Подъехав к ней, он остановился.

— О, Амелия Дин, здравствуйте! Что вы нашли там, на земле, такое интересное?

— Паутину. Очень красивая.

— Ее сплел паук-фанель, дорогая.

Поднявшись с корточек, она по привычке сначала оправила платье, потом присела в вежливом реверансе.

— Мистер Ван Влит!

Красный платок был повязан вокруг его шеи. Солнце играло во взъерошенных светлых волосах. Он с улыбкой смотрел на нее сверху вниз.

— Вы охотитесь на медведя? — спросила она.

— Я загоняю скот.

— Три-Вэ говорил, что вы нанимались в услужение, — снисходительным тоном проговорила она.

«Негодная высокомерная девчонка», — весело подумал Бад.

— Нет, дорогая.
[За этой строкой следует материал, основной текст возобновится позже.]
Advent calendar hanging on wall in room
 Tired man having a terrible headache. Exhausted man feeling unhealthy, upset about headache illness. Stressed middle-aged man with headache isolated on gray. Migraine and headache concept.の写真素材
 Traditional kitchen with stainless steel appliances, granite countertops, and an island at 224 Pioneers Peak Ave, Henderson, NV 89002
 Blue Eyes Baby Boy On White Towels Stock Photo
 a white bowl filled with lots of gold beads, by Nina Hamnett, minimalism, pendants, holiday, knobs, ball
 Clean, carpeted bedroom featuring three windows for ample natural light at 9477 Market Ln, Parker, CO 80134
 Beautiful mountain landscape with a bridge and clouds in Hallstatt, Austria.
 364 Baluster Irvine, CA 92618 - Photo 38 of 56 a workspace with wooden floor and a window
Я был рабочим на нефтяных промыслах. А сейчас я просто помогал загонять скот. Заработал всего-навсего тарелку жареных бобов, потому что мне пришлось рано уехать. У меня свидание.

— Деловое?

— Вряд ли. Я танцую котильон с Мэри Ди Франко.

— Она ваша невеста?

— Мэри? Нет, но она из моего гарема.

После этих слов сдержанное выражение на лице Амелии исчезло. Она впервые за несколько недель рассмеялась.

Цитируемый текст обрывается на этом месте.